** Instructions for the task **
In the material below, find the line containing "Cable - Grey Slim CAT6 Patch Cord 2m" and the line containing "Christmas Selection #4 | Food Safe Stencil". Output those two lines and all lines between them exactly, without pictures.

BEGIN Task input

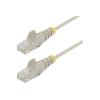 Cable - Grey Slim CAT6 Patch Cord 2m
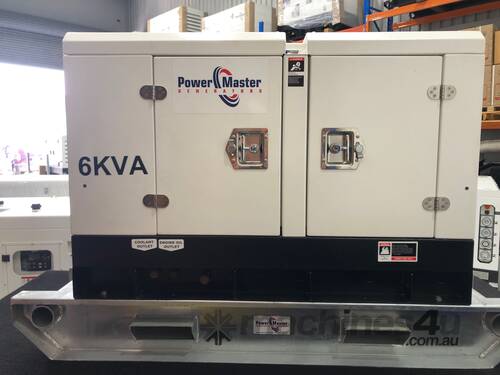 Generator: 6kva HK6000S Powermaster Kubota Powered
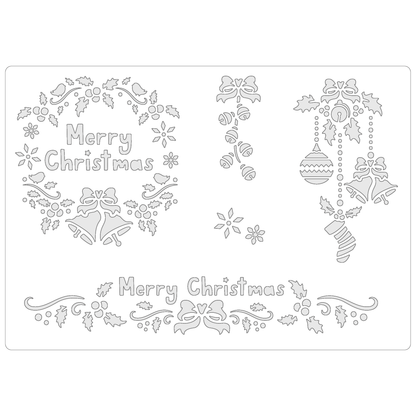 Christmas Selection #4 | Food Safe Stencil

END Task input
BEGIN Task input

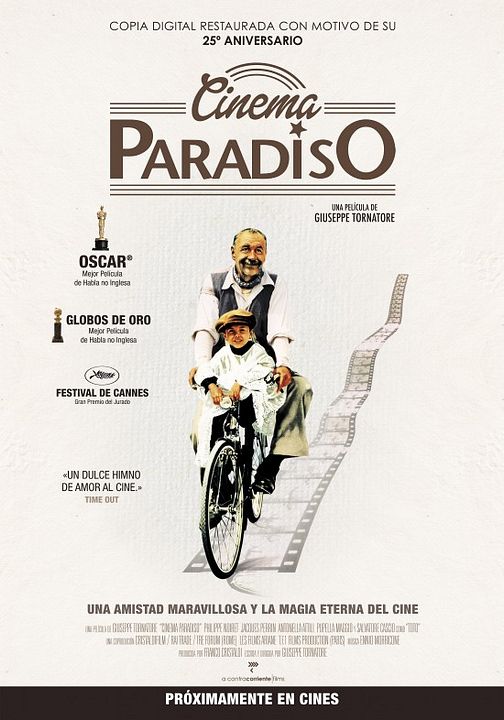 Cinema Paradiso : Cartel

END Task input
BEGIN Task input

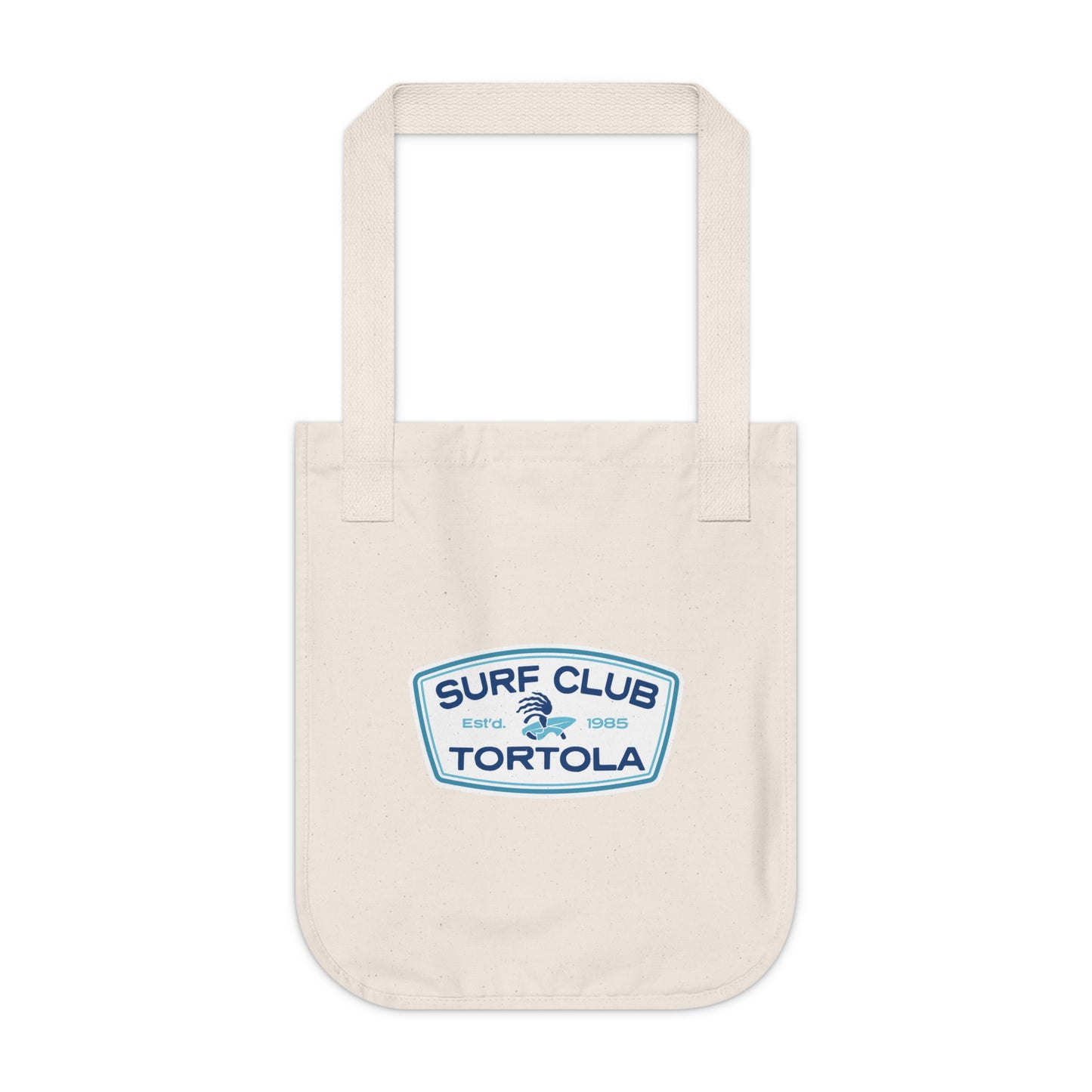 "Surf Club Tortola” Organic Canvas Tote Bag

END Task input

** Solution below **
 Cable - Grey Slim CAT6 Patch Cord 2m
 Generator: 6kva HK6000S Powermaster Kubota Powered
 Christmas Selection #4 | Food Safe Stencil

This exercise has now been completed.